Financial market liberalization lures foreign investors
The ongoing financial market reforms are an indicator of China's interest in a successful, open financial market – and that makes it attractive for foreign investors. At the same time, the Beijing government is systematically promoting the growth of the domestic capital market. This is no surprise, because private savings in China have increased twelvefold since the country joined the World Trade Organization (WTO), from the equivalent of approximately CHF 460 billion to CHF 5,700 billion at present.
Given the falling interest rates on savings, this capital is searching for investments. For that reason alone, there will be more IPOs in China in the coming years than in any other country. Therefore China's weight in the MSCI World index is likely to grow in the future. This represents an opportunity from which foreign investors should benefit through appropriate collective investments.
The Chinese economy is likely to keep growing strongly
In the medium term, returns of approximately 9% to 10% can be expected from Chinese equities, because the Chinese economy is likely to remain one of the fastest growing in the world. For the coming year, company analysts expect to see average earnings growth of 18.5%.
The moderate valuations, the high proportion of technology companies (50%), and China's structural growth markets such as 5G infrastructure and health would actually justify a valuation premium compared to other emerging markets.
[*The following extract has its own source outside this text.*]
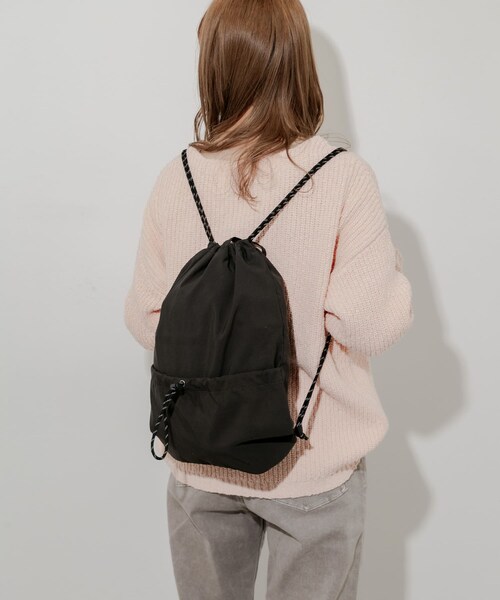 SMELLY（スメリー）の「ドロストポケットナップサック（バックパック/リュック・レディース・BLK/GRY・-）」の8枚目の写真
Added to this are China's large and far from saturated internal market and the process of transforming to a more sustainable, i.e. less export-based economy.
Foreign investors must take risks into account
Risks for investments in China are undeniable. Geopolitical tensions with the US have a negative impact. In hotspots such as Hong Kong, Taiwan, and the South China Sea, there is a risk of geopolitical misunderstandings and miscalculations with potentially serious consequences. Moreover, high bank loans are having an impact in China.
Although government debt is relatively low and there is plenty of room for maneuver in monetary policy, when the next crisis comes knocking at the door, it can be assumed that some of the private debt will be nationalized. But, in the end, the many opportunities that China offers continue to make the equity market very attractive.